Я едва успеваю насладиться прикосновением его губ – он тут же отстраняется и исчезает из виду, даже не взглянув на меня в последний раз. Мои ноги словно ватные, а губы горят. Я трогаю их пальцами, надеясь сохранить их тепло. Но напоминание о его поцелуе исчезает так же, как и он сам: быстро и без предупреждения – как когда мы влюбляемся. И как когда мы умираем.
Я заставляю себя сдвинуться с места и возвращаюсь обратно на диван, увеличивая звук телевизора. Там снова повторяют то, что уже известно, но я все равно внимательно слушаю. Почему я, черт возьми, не вцепилась ему в ногу?!
Я слышу, как вибрирует мой телефон, и бегу к нему.
– Виолетта! – кричит Зои. – Включи BFM!
– Я знаю, включила пару минут назад. Лоан только что ушел.
– Черт, – ругается она, заметно потрясенная, – кажется, все серьезно.

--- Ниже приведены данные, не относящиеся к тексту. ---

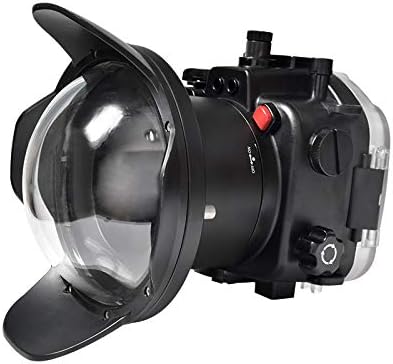 Seafrog Professional Waterproof Housing 6" Dry Dome Port Kit, - Image 3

Не хочу слушать то, что я и так уже знаю. Я знаю, что происходит. Говоря: «Присмотри за ней до вечера», – Лоан имел в виду: «Хочу, чтобы она была у тебя, если я не вернусь». Я проглатываю слезы и вдруг осознаю, что так и не отпустила жетон. Мои руки сжимают его так сильно, что у меня побелели костяшки пальцев. Зои включает громкую связь, чтобы мне было слышно на заднем плане Джейсона.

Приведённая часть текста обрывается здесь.